Il ajoute que : «Notre présence sécurise les lieux et c’est grâce à nous que le corps de Nabintou Cissé, la maman du Chef de l’Etat n’a pas été déterré, lorsque, il y a plusieurs années, des vandales sont venus nuitamment pour essayer d’extraire le corps pour des raisons obscures ».
Selon Kassoum Soro, «Le gouvernement s’appuie sur le décret 63-170 du 18 avril 1963, portant règlementation des opérations d’inhumation, d’exhumation et de transport des corps et du service des pompes funèbres modifié par le décret 75-200 du 26 mars 1970».
Il poursuit que ce décret prévoit clairement en son article 2, ceci : «Il y aura, hors des agglomérations visées à l’article premier, à la distance de 500 mètres au moins des limites de l’agglomération, des terrains spécialement consacrés à l’inhumation des morts. Toutefois, quand les circonstances l’exigeront et sous réserve que les agglomérations soient pourvues d’eau potable sous pression alimentant toutes les maisons à moins de 100 mètres de distance de leur cimetière, il pourra à titre exceptionnel, être procédé à la réduction ou même à la suppression de cette distance par arrêté conjoint des ministres de l’Intérieur et de la Santé publique. Ces règles ne s’appliquent pas aux locaux d’habitation du gardien du cimetière ni aux locaux professionnels des entreprises commerciales et industrielles de caractères funéraires (pompes funèbres, marbreries, etc.) à condition qu’ils soient pourvus d’eau potable sous pression».

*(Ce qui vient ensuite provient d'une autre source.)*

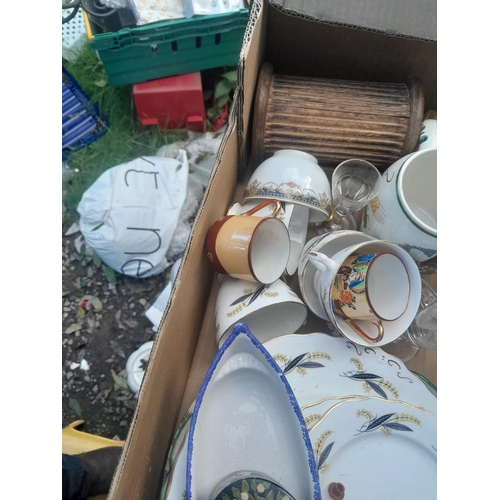 49 - Decorative china and ornaments : Indian blue and white pot, mobile phone, Torquay ware tea pot etc.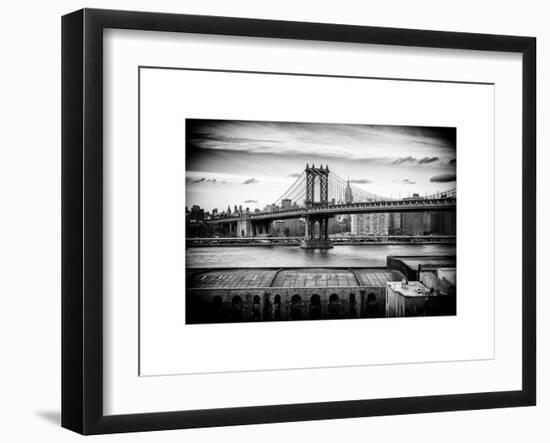 Manhattan Bridge with the Empire State Building from Brooklyn-Philippe Hugonnard-Framed Art Print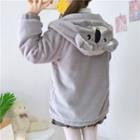 Furry Koala Embroidered Zip Hooded Jacket Gray - One Size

Il poursuit qu’à travers les dispositions de cet article, le Ministre-Gouverneur ne peut aucunement les faire partir de leurs habitations. Toute chose que botte en touche le directeur de la communication du District Autonome d’Abidjan, Baba Coulibaly.
Joint au téléphone, il informe que tous les habitants ont reçu une mise en demeure depuis un moment et ils savent qu’ils devront évacuer les lieux. Il ajoute, péremptoire : «Aucun habitant des alentours du cimetière de Williamsville ne détient un ACD légal».
Faisant référence au décret cité plus haut, il revient sur le même article 2 précisant ceci: « Il y aura, hors des agglomérations visées à l’article premier, à la distance de 500 mètres au moins des limites de l’agglomération, des terrains spécialement consacrés à l’inhumation des morts ». Il s’empresse d’ajouter qu’ «Il est impératif de faire respecter cette disposition de la loi afin de permettre aux morts de se reposer comme il se doit car les morts et les vivants ne peuvent cohabiter au quotidien».
Toujours selon toujours Baba Coulibaly l’espace qui sera déguerpi sera aménagé, éclairé et sécurisé. A la question de savoir ce que deviendront les populations à déguerpir, le directeur de la communication du district autonome d’Abidjan reste évasif sur la question, estimant que «Nous verrons si nous pouvons faire quelque chose pour elles ».
Pour rappel le cimetière de Williamsville créé en 1968 a été fermé par le District Autonome d’Abidjan depuis le 17 février 2021 en vue de sa réhabilitation, pour deux raisons principales : les espaces réservés aux inhumations sont saturés et les infrastructures sont dans un état de vétusté très avancé.
A noter que cette décision ne concerne pas les inhumations sur les terrains réservés et les carrés affectés aux communautés villageoises d’Agban-village et d’Abidjan-Adjamé. Si le nombre des familles de cette zone n’est pas totalement défini, il est notoire que plusieurs sous-quartiers dont Watt-City, Azito, Derrière-Cimetière et bien d’autres sont nés, se sont développés au fil du temps, et sont constitués essentiellement de parents des travailleurs du cimetière et des activités annexes. On estime ces populations à plusieurs centaines de milliers de familles qui sont jetées à la rue sans aucune autre forme de procès. Ainsi va la Côte d’Ivoire d’Alassane Ouattara.